I have a dataframe df of columns ("id", "current_date", "days") and I am trying to add the the "days" to "current_date" and create a new dataframe with new column called "new_date" using spark scala function date_add()

val newDF = df.withColumn("new_Date", date_add(df("current_date"), df("days").cast("Int")))

But looks like the function date_add only accepts Int values and not columns. How can get the desired output in such case? Are there any alternative functions i can use to get the desired output?

spark version: 1.6.0 scala version: 2.10.6

Ramesh Maharjan
  • 41,071
  • 6
  • 69
  • 97
qubiter
  • 235
  • 1
  • 5
  • 19

2 Answers2

19

No need to use an UDF, you can do it using an SQL expression:

val newDF = df.withColumn("new_date", expr("date_add(current_date,days)"))
Raphael Roth
  • 26,751
  • 15
  • 88
  • 145
  • you can even skip `expr` and directly use (in spark 2.1+) `val newDF = df.withColumn("new_date", date_add($"current_date",days))` – greg hor Feb 13 '18 at 10:56
  • I haven't found a way of making this syntax (`val newDF = df.withColumn("new_date", date_add($"current_date",days))`) work. As of today, in Spark 2.2, the only options I can make work are a UDF or `expr()` (and I prefer the UDF). See https://stackoverflow.com/questions/50222781/use-existing-column-in-date-add-spark-function?noredirect=1#comment87463581_50222781 for more info. – jamiet May 07 '18 at 22:12
  • Thanks for the solution, but when I'm trying the code you mentioned above column is generating but the values in it are null. here is piece of code. `val dt3 = dt2.withColumn("new_date", expr("date_add('Week Start',dummy)"))` could you please help me with this. – Dinesh May 11 '18 at 11:17
5

A small custom udf can be used to make this date arithmetic possible.

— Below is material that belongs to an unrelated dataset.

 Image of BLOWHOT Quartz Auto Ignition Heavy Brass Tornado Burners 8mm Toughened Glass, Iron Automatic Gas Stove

import org.apache.spark.sql.functions.udf
import java.util.concurrent.TimeUnit
import java.util.Date
import java.text.SimpleDateFormat    

val date_add = udf((x: String, y: Int) => {
    val sdf = new SimpleDateFormat("yyyy-MM-dd")
    val result = new Date(sdf.parse(x).getTime() + TimeUnit.DAYS.toMillis(y))
  sdf.format(result)
} )

Usage:

scala> val df = Seq((1, "2017-01-01", 10), (2, "2017-01-01", 20)).toDF("id", "current_date", "days")
df: org.apache.spark.sql.DataFrame = [id: int, current_date: string, days: int]

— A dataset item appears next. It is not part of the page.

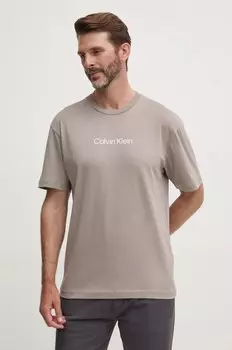 Хлопковая футболка Calvin Klein, серый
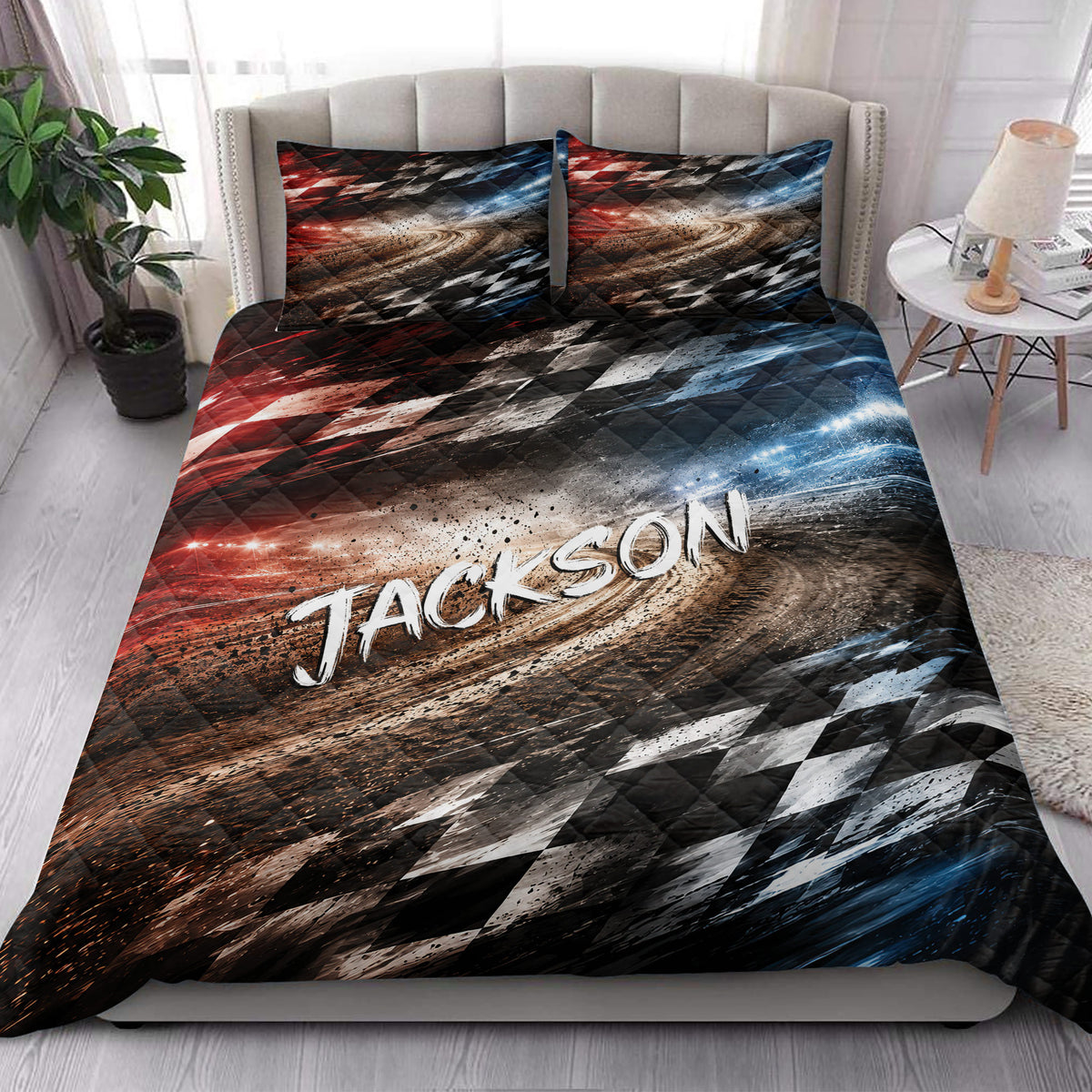 Racing quilt blanket styled in a bright bedroom with checkered flag graphics and dramatic track-inspired artwork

scala> df.withColumn("new_Date", date_add($"current_date", $"days")).show()
+---+------------+----+----------+
| id|current_date|days|  new_Date|
+---+------------+----+----------+
|  1|  2017-01-01|  10|2017-01-11|
|  2|  2017-01-01|  20|2017-01-21|
+---+------------+----+----------+
rogue-one
  • 11,259
  • 7
  • 53
  • 75